Like Peter Parker or Gordon Freeman, some people are just in the right place at the right time, and the same is true for a lot of the big corporations nowadays. They don't like to admit it, but luck plays a huge role in the success or failure of a lot of companies. 4Kids Entertainment got lucky when it decided to bring over a Japanese cartoon based on a popular video game called Pokémon, and it's been trying to replicate that success ever since, with franchise after franchise of children-marketed games and animation.
Viva Piñata is another example of being in the right place at the right time. While Rare was developing a sandbox game for the 360, it realized that it had a lot of marketing potential with its vibrant and cleverly named creatures, and when 4Kids got hold of it, they milked it for all it was worth. As of right now, this includes four games and a televised computer-animated cartoon, all closely tied together to try to enthrall children the way that Pokémon continues to with each new incarnation. While not as addictive and successful as the pocket monsters, Viva Piñata's brilliant world and creatures still hold up fantastically in its DS incarnation, Viva Piñata: Pocket Paradise.
The concept is simple enough: You start out with an empty garden, and by fulfilling various conditions, you try to get as many wild piñatas to live there as possible. The more lively your garden is, the more money you can make by selling the colorful creatures when you have more of them than you can handle. If you fulfill further conditions, you can convince the piñatas to "romance" and produce a baby piñata by doing a very kid-friendly (but still amusing) "romance dance."
It's an endless cycle to be sure, and one that many other simulation games have tried to emulate. You make things breed, you sell them, your stats get better, and you can have better things. It's a tiresome formula, but it worked in the original Viva Piñata, which had a bright cast of characters and an easy and intuitive way to spice up your garden. It may not have been Pokémon, but it was surely hours of distraction for thousands of kids and adults alike.
Pocket Paradise for the DS is a double-edged sword for Viva Piñata fans, though. For every convenience and simplification that is newly implemented, you have to step back and wonder if the game is still a delight with the dumbed-down and almost bland graphics of the DS.
It's clear from the get-go that Rare wanted to do a lot more than they could with the little handheld. As soon as the company logos flash by, the game tries to run an abbreviated intro from the "Viva Piñata" TV show and highlight all of the color and fun of the world. Unfortunately, all it really showcases is the DS' grainy and inadequate video codec, and the torture you'll have to go through every time it wants to show off some high-powered 3-D animation. Throughout the intro, the video lags massively behind the sound, and a sinking feeling starts to set in.
Fortunately, you don't have to put up with the DS' video processing too much. What you do have to see for the rest of the game is still a huge disappointment after the beauty and charm of the 360 title. It gets to be tiring when these chunky graphics are all you have to look at for the extended periods of garden care, unlike the 360's vibrant and detailed character models and backgrounds.

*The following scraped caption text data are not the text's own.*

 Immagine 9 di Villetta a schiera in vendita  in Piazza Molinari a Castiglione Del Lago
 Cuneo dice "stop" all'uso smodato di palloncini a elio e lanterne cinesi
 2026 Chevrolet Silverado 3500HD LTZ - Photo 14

The garden is entirely 2-D, and the 3-D piñatas, while adequate, just aren't as good eye candy as you're used to seeing.
While the garden is underwhelming, you do have all that improved, streamlined gameplay to distract you. It distracts pretty easily once you reach higher levels of gardening, with a bigger area to work with, more tools and (hopefully) more money. Everything is controlled handily by the stylus and a few menus, and it all works fantastically together. To help your omnipotent camera get around the garden better, you can go to an overhead map and zoom to anywhere with it. The same map icon keeps you up to date on any important events in the garden.
The shop menu is easy to access, but not quite as friendly as the rest of the menus. It's one of the few instances when it's easier to get around with the d-pad. The shop menu would have really benefited from a way to buy multiple things at once because it's a huge pain to enter, buy, re-enter, buy, re-enter, and so on. Still, it's not game-breaking, and no worse than it was before.

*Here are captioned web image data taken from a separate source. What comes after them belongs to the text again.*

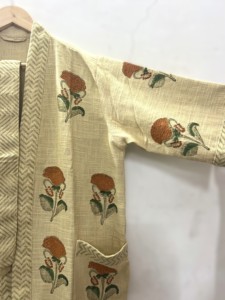 เสื้อคลุมผ้าฝ้ายพิมพ์ลายด้วยมือ TNT สำหรับผู้หญิง – เสื้อคลุมอาบน้ำคิโมโนลายดอกไม้สไตล์อินเดีย ทำด้วยมือ พร้อมเข็มขัดผูกด้านหน้า เหมาะสำหรับพักผ่อนและรีสอร์ท - Product Image 5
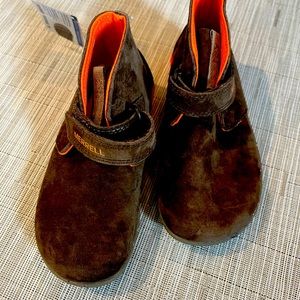 Boys Sz 9 Merrell  boots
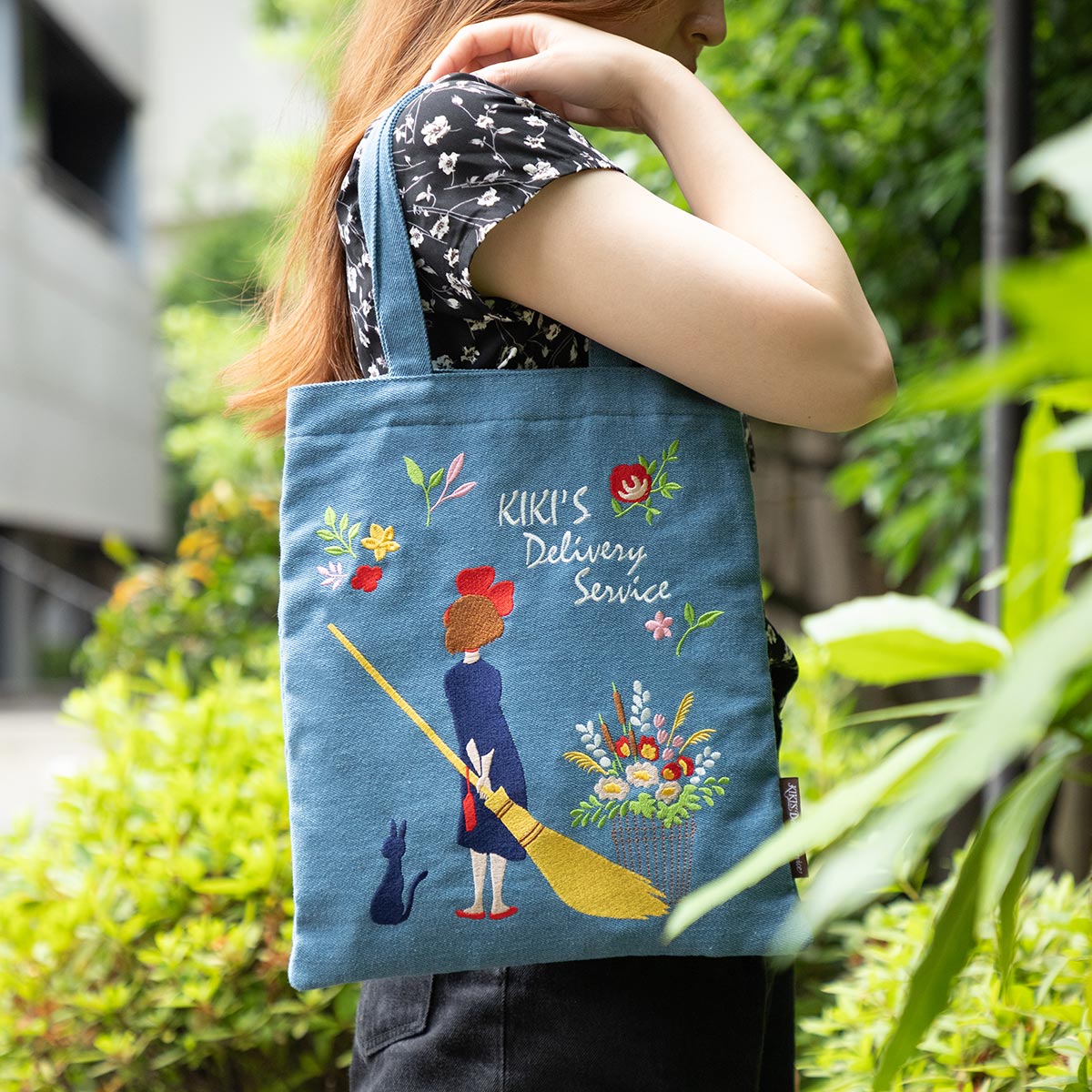 sandro★デニ トートバッグ 魔女の宅急便 デニム刺繍シリーズ 縦型トートバッグ | どんぐり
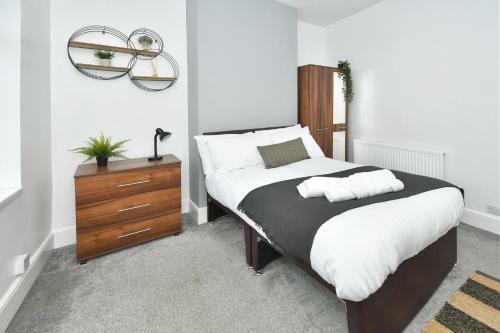 4br With Wardrobes!city Centre!monthly Stay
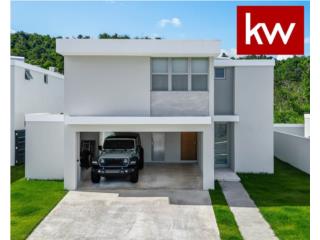 URB. VISTAS DE SAN JOSE, CASA EN CAGUAS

Tending the garden is as easy as scrawling out your name. The stylus controls are very responsive when modeling the garden, and can even make you feel like a bit of an artist. It's so simple and straightforward that it makes you wonder how you ever crafted a garden before or kept up with all of the goings-on.
To make things more soothing, there's even a playground mode, where you don't have to build your garden from the ground up and don't have to worry about the threats to your piñatas, such as roving ruffians. You can simply arrange a few tiles, and the game will generate a "just for fun" garden, where you can import as many piñatas as you want, as long as they're in your encyclopedia. You can experiment and do just about anything to try to see what new piñatas you can draw in. It's an extremely relaxing mode in an already relaxing game, but without the graphical power to back it up, you can't really justify sitting back and watching your garden grow.
In many ways, Viva Piñata: Pocket Paradise is a perfect game for the DS. The system's portability lends itself well to the quick and easy garden-tending gameplay. With three save slots and a just-for-fun playground mode, you can create a garden any way you want it to be, as many times as you want. Fans of the first Viva Piñata will probably get a huge kick out of playing it again (and again) on this new platform, and it might even be enough to draw in a few new players to its unique play style. The gameplay is as solid as it's going to get, but it gets boring a bit more quickly than it should thanks to the DS' shoddy graphics. Rare had to find a way to compromise between game and graphics on the weakest system on the market, and they did it to the best of their ability, but Pocket Paradise still comes out a lot less shiny than its predecessor. It's still a nice return to the piñata's world, and well worth the $30 asking price.